Antes de cada combate tienes la posibilidad de diseñar una pseudoestrategia impartiendo determinadas directrices a tus compañeros. Sin embargo los comandos disponibles son pocos y muy básicos, por lo que prácticamente no los utilizarás e irás solventando combates mientras contemplas con sonrojo las disparatadas acciones de tus aliados y tu corazón de estratega añora el completo, rico y eficaz sistema de Gambits que incorporaba Final Fantasy XII, título aparecido para PS2 en 2007.
Junto a las citadas carencias del combate existen, además, una serie de aspectos que no contribuyen a otorgar empaque lúdico al juego. Las mazmorras consisten, como viene siendo norma habitual en el género, en laberínticos corredores y, aunque su longitud y complejidad no son demasiado elevadas, generan en ocasiones cierto hartazgo o aburrimiento. La cantidad de misiones secundarias no resulta, por otro lado, nada desdeñable, pero tienden a repetirse y, en general, están muy poco trabajadas. La inmensa mayoría de ellas consiste simplemente en encontrar algún objeto o personaje y, sobre todo, en extraerle a alguien un trozo de corazón para depositarlo sin más preámbulos en otro personaje. Tienes también a tu disposición numerosas cacerías opcionales, pero básicamente se limitan a ir al lugar señalado en el mapa para derrotar a un monstruo y su trasfondo narrativo es nulo.
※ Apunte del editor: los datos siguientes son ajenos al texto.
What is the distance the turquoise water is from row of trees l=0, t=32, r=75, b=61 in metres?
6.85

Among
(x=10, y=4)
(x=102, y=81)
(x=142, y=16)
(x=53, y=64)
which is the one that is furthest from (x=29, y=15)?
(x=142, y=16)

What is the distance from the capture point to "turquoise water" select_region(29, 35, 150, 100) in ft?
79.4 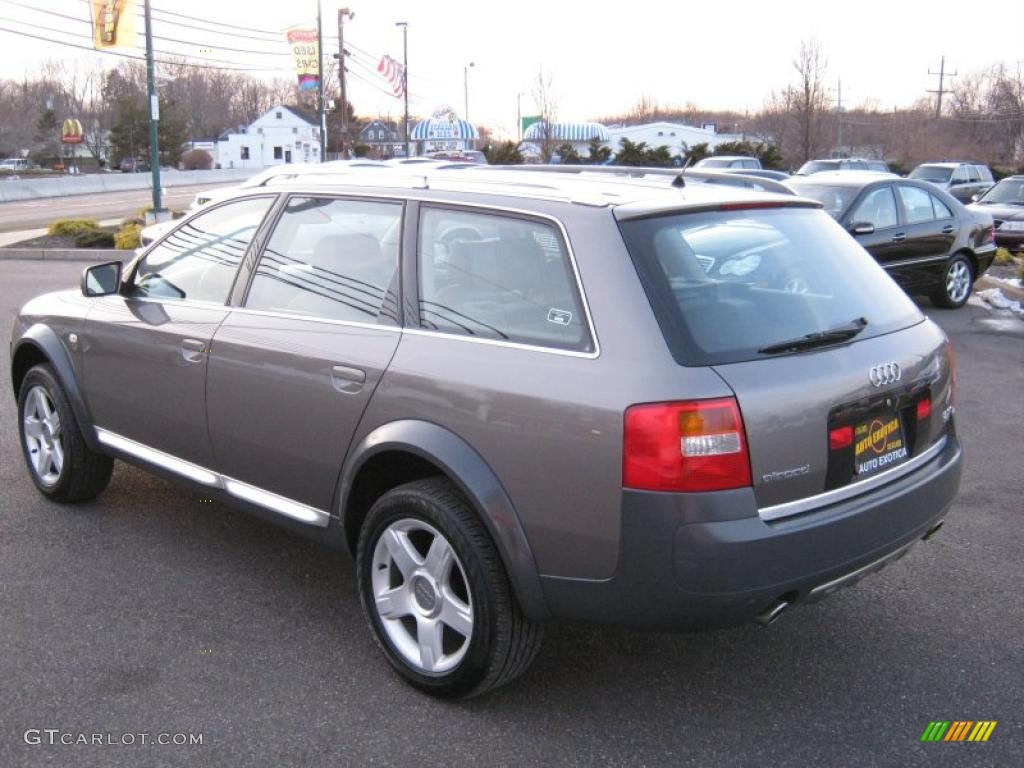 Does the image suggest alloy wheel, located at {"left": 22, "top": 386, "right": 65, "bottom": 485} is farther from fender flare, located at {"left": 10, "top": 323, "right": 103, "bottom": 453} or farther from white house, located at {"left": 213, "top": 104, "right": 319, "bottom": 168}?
white house, located at {"left": 213, "top": 104, "right": 319, "bottom": 168}

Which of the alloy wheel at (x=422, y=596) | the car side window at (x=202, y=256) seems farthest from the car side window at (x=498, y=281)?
the car side window at (x=202, y=256)

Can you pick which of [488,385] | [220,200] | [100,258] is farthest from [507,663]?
[100,258]

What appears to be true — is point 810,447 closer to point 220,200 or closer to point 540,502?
point 540,502

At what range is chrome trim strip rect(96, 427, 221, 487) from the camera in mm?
4309

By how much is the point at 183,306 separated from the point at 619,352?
2.32m

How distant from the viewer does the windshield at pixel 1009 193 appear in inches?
757

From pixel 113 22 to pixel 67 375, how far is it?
81.6 feet

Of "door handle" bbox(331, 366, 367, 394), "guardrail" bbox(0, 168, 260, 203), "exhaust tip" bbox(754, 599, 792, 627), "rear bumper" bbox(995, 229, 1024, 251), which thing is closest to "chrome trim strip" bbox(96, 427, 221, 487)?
"door handle" bbox(331, 366, 367, 394)

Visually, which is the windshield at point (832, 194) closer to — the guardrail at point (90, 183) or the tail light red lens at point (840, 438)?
the tail light red lens at point (840, 438)

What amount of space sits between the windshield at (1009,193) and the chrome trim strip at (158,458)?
18.6 metres

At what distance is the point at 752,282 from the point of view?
3.38 m

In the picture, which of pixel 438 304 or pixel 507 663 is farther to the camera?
pixel 438 304

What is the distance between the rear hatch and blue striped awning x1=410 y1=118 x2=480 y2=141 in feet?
178

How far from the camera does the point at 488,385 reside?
3.14 metres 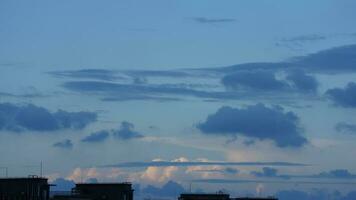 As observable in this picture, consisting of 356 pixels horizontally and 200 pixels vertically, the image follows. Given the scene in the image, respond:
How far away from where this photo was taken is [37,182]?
19575cm

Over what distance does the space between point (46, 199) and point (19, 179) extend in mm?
6786

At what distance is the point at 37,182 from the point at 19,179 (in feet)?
11.7

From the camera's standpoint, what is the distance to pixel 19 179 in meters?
195

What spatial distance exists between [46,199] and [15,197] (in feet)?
21.1

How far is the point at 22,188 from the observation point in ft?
640

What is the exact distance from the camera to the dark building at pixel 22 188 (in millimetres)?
194375

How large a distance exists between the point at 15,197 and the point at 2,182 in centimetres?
414

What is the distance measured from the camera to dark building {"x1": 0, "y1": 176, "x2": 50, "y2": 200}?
194m

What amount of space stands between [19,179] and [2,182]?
342 centimetres

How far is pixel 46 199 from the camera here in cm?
19700

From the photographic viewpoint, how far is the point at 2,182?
195m

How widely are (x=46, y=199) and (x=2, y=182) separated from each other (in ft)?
30.5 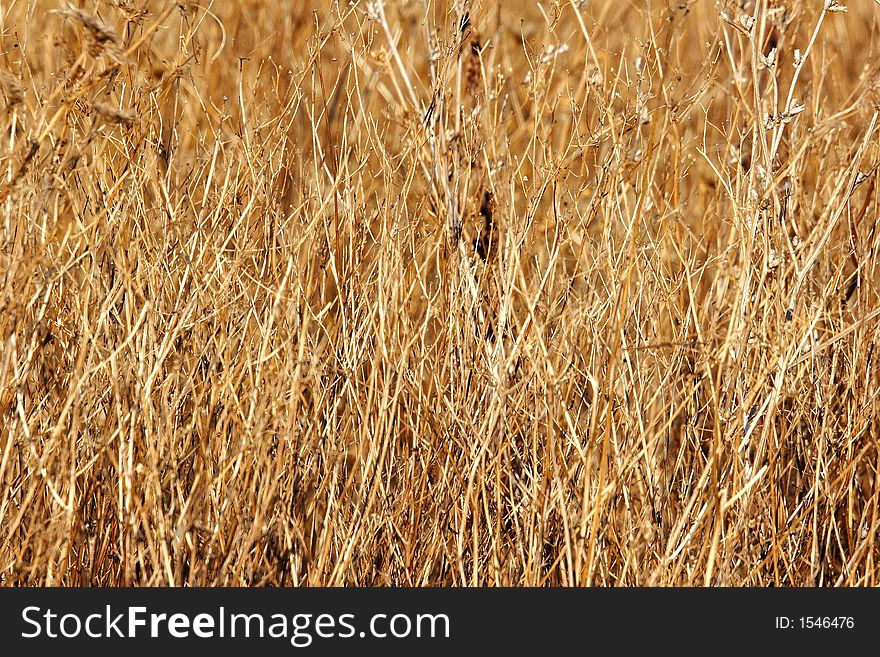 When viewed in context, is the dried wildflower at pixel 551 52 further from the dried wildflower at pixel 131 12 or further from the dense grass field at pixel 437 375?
the dried wildflower at pixel 131 12

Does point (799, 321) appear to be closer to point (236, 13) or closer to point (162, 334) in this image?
point (162, 334)

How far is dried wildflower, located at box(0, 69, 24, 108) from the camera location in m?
1.10

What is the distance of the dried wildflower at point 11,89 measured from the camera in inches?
43.5

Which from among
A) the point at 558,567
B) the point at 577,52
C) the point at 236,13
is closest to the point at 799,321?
the point at 558,567

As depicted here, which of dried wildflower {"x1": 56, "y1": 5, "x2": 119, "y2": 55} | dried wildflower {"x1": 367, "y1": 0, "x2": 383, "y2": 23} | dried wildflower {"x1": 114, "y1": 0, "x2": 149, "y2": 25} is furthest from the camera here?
dried wildflower {"x1": 367, "y1": 0, "x2": 383, "y2": 23}

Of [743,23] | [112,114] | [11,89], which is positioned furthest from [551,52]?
[11,89]

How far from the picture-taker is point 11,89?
1.16 meters

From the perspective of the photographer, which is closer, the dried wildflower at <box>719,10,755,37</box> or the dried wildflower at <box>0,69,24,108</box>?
the dried wildflower at <box>0,69,24,108</box>

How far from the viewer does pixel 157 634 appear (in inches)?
49.4

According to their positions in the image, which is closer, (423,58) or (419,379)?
(419,379)

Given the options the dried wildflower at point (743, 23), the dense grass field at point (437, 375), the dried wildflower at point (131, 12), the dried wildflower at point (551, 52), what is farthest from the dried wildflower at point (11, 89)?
the dried wildflower at point (743, 23)

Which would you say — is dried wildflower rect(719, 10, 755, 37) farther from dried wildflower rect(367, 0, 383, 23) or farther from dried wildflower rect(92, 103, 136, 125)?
dried wildflower rect(92, 103, 136, 125)

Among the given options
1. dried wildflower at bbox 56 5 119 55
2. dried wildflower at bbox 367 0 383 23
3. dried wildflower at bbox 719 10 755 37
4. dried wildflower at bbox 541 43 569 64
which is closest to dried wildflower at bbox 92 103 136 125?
dried wildflower at bbox 56 5 119 55

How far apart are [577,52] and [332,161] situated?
0.64m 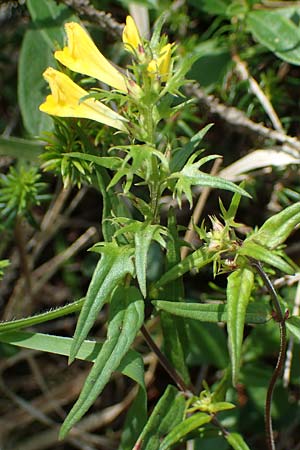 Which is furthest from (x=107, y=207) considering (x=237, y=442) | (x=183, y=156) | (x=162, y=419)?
(x=237, y=442)

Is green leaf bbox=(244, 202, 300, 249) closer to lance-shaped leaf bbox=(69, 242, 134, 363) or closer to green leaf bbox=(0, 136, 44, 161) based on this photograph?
lance-shaped leaf bbox=(69, 242, 134, 363)

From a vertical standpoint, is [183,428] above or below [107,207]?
below

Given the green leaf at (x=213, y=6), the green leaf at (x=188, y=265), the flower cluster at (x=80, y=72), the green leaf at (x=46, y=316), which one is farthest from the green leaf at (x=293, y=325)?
the green leaf at (x=213, y=6)

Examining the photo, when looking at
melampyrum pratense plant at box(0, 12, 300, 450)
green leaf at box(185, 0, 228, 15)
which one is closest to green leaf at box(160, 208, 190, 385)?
melampyrum pratense plant at box(0, 12, 300, 450)

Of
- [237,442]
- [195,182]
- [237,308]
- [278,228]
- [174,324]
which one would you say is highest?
[195,182]

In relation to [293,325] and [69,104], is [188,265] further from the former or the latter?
[69,104]

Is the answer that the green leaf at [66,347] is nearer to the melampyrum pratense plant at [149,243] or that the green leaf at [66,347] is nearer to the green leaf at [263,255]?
the melampyrum pratense plant at [149,243] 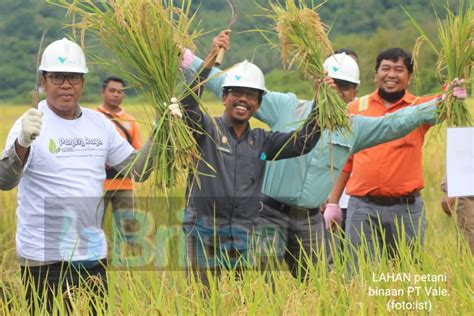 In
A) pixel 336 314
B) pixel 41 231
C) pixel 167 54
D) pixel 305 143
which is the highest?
pixel 167 54

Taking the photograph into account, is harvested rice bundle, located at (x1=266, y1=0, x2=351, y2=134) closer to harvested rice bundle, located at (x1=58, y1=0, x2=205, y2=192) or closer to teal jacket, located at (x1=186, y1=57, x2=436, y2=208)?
harvested rice bundle, located at (x1=58, y1=0, x2=205, y2=192)

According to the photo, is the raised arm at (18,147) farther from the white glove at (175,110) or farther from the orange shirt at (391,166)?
the orange shirt at (391,166)

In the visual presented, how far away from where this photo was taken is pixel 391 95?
6.54 meters

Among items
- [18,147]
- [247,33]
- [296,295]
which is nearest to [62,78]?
[18,147]

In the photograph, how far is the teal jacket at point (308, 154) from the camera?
5.91m

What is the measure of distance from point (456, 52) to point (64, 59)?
6.65ft

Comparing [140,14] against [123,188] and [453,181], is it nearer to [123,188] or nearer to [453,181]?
[453,181]

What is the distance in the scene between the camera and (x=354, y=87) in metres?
6.27

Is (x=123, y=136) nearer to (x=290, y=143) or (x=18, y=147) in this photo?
(x=290, y=143)

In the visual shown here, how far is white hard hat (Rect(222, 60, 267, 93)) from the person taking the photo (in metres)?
5.38

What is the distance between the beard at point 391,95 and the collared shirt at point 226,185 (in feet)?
4.07

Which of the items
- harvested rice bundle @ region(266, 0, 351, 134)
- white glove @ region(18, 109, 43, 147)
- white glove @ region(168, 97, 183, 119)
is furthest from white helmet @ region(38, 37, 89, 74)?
harvested rice bundle @ region(266, 0, 351, 134)

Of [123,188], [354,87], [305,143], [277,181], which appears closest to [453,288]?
[305,143]

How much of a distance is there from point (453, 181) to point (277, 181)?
3.57ft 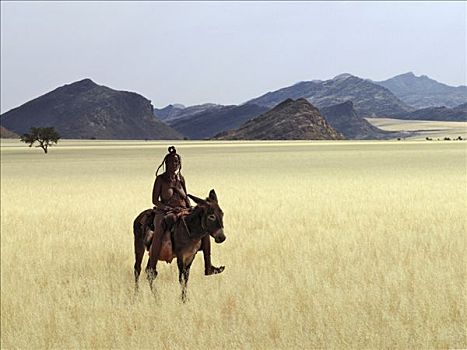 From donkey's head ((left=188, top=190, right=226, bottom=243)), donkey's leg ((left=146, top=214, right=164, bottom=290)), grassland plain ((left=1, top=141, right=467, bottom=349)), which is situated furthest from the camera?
donkey's leg ((left=146, top=214, right=164, bottom=290))

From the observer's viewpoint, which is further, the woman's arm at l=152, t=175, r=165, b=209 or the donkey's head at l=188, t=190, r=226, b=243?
the woman's arm at l=152, t=175, r=165, b=209

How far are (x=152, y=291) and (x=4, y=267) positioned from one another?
512 cm

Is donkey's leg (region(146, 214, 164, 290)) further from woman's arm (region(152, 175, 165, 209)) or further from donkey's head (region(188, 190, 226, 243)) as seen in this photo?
donkey's head (region(188, 190, 226, 243))

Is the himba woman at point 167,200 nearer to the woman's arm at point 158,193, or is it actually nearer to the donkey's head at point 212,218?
the woman's arm at point 158,193

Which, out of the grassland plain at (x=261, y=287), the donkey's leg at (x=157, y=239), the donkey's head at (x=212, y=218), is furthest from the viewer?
the donkey's leg at (x=157, y=239)

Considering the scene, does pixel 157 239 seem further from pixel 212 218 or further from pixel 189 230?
pixel 212 218

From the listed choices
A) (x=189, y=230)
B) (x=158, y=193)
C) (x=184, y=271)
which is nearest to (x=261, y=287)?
(x=184, y=271)

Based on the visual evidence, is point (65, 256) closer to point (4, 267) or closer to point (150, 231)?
point (4, 267)

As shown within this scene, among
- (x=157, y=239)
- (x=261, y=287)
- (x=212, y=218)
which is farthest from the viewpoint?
(x=261, y=287)

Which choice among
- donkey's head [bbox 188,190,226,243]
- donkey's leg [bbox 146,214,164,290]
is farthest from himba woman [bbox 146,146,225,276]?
donkey's head [bbox 188,190,226,243]

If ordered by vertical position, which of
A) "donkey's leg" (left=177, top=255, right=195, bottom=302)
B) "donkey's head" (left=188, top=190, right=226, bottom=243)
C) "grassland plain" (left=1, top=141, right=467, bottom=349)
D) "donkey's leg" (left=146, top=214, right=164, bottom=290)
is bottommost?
"grassland plain" (left=1, top=141, right=467, bottom=349)

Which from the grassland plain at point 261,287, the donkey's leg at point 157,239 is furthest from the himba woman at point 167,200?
A: the grassland plain at point 261,287

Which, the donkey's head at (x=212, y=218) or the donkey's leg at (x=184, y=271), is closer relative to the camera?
the donkey's head at (x=212, y=218)

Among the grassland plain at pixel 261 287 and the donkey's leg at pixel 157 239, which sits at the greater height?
the donkey's leg at pixel 157 239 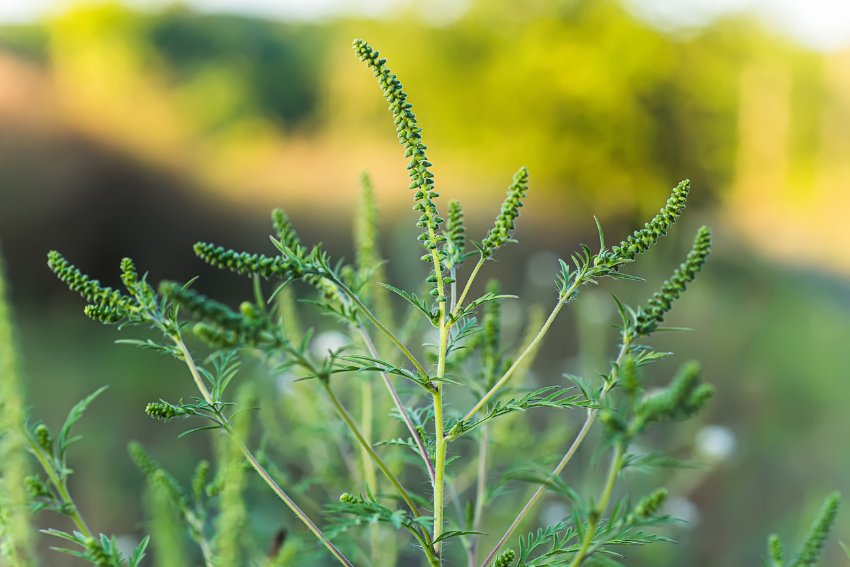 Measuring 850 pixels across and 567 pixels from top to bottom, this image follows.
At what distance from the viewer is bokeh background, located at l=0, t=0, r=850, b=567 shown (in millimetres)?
5320

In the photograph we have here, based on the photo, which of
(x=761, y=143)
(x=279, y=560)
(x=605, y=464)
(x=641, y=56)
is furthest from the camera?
(x=761, y=143)

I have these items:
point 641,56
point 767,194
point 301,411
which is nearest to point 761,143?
point 767,194

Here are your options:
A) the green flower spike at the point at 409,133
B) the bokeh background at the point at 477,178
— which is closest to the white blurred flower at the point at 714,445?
the bokeh background at the point at 477,178

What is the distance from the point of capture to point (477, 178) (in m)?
11.6

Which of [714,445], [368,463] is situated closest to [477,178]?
[714,445]

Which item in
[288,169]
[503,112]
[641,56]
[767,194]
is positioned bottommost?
[767,194]

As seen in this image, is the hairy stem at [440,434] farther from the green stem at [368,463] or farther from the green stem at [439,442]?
the green stem at [368,463]

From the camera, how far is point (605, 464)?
12.5 ft

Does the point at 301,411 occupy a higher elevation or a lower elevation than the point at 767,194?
higher

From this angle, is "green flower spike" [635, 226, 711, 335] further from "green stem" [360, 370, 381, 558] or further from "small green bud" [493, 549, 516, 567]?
"green stem" [360, 370, 381, 558]

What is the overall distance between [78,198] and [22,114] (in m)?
1.19

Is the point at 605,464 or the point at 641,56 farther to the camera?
the point at 641,56

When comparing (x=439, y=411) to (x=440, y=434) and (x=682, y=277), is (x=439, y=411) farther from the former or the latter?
(x=682, y=277)

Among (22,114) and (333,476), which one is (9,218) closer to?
(22,114) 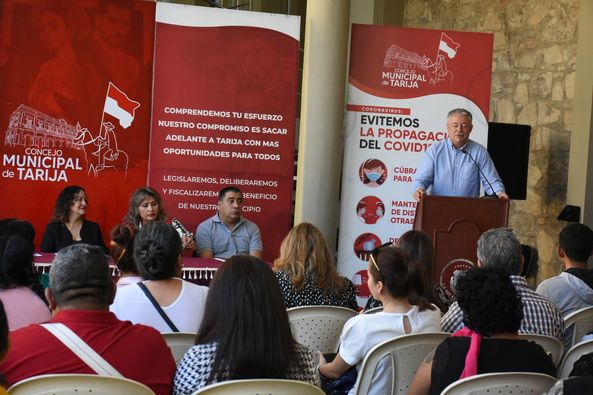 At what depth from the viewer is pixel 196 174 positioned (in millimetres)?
7262

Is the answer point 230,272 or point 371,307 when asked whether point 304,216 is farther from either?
point 230,272

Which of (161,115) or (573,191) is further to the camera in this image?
(573,191)

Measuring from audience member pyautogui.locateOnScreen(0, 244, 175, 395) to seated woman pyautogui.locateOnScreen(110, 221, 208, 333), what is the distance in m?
0.67

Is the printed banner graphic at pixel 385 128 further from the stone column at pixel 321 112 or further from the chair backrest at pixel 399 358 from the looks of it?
the chair backrest at pixel 399 358

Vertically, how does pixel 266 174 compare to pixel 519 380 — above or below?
above

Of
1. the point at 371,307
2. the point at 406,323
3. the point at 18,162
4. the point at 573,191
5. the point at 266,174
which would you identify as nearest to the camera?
the point at 406,323

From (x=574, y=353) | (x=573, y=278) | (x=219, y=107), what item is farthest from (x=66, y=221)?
(x=574, y=353)

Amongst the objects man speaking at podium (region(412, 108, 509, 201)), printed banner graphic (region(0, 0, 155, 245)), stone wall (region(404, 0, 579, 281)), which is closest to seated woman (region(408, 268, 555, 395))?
man speaking at podium (region(412, 108, 509, 201))

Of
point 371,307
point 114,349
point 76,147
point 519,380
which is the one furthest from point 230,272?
point 76,147

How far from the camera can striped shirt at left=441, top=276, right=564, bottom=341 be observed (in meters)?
3.92

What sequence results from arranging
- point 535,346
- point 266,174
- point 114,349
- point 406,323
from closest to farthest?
1. point 114,349
2. point 535,346
3. point 406,323
4. point 266,174

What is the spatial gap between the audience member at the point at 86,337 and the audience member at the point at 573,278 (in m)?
2.70

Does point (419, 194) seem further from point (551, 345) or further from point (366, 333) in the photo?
point (366, 333)

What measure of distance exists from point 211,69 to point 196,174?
0.84 m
Ni no Kuni se encuentra, por fortuna, muy lejos de ser un juego de rol exigente y esa circunstancia le permite sobrevivir a sus numerosas carencias de diseño. En él cada combate está a punto de constituir un pequeño y leve desastre, pero éste casi nunca llega a consumarse ni a convertir la experiencia en algo injugable. Aferrado, por tanto, al salvavidas de su nula dificultad, la carga emocional de la trama, el excelente trabajo de localización y, sobre todo, una factura artística made in Ghibli, el periplo de Oliver no llega a descarrilar en ningún momento, permitiendo al jugador convivir con cierta facilidad con sus aristas y ser condescendiente hacia ellas. Unos pocos minutos frente a él son suficientes para redactar una extensa lista de errores de diseño que acabará, sin embargo, en las profundidades de la papelera de reciclaje, porque para entonces él ya se habrá convertido en el legítimo y único propietario de tu corazón.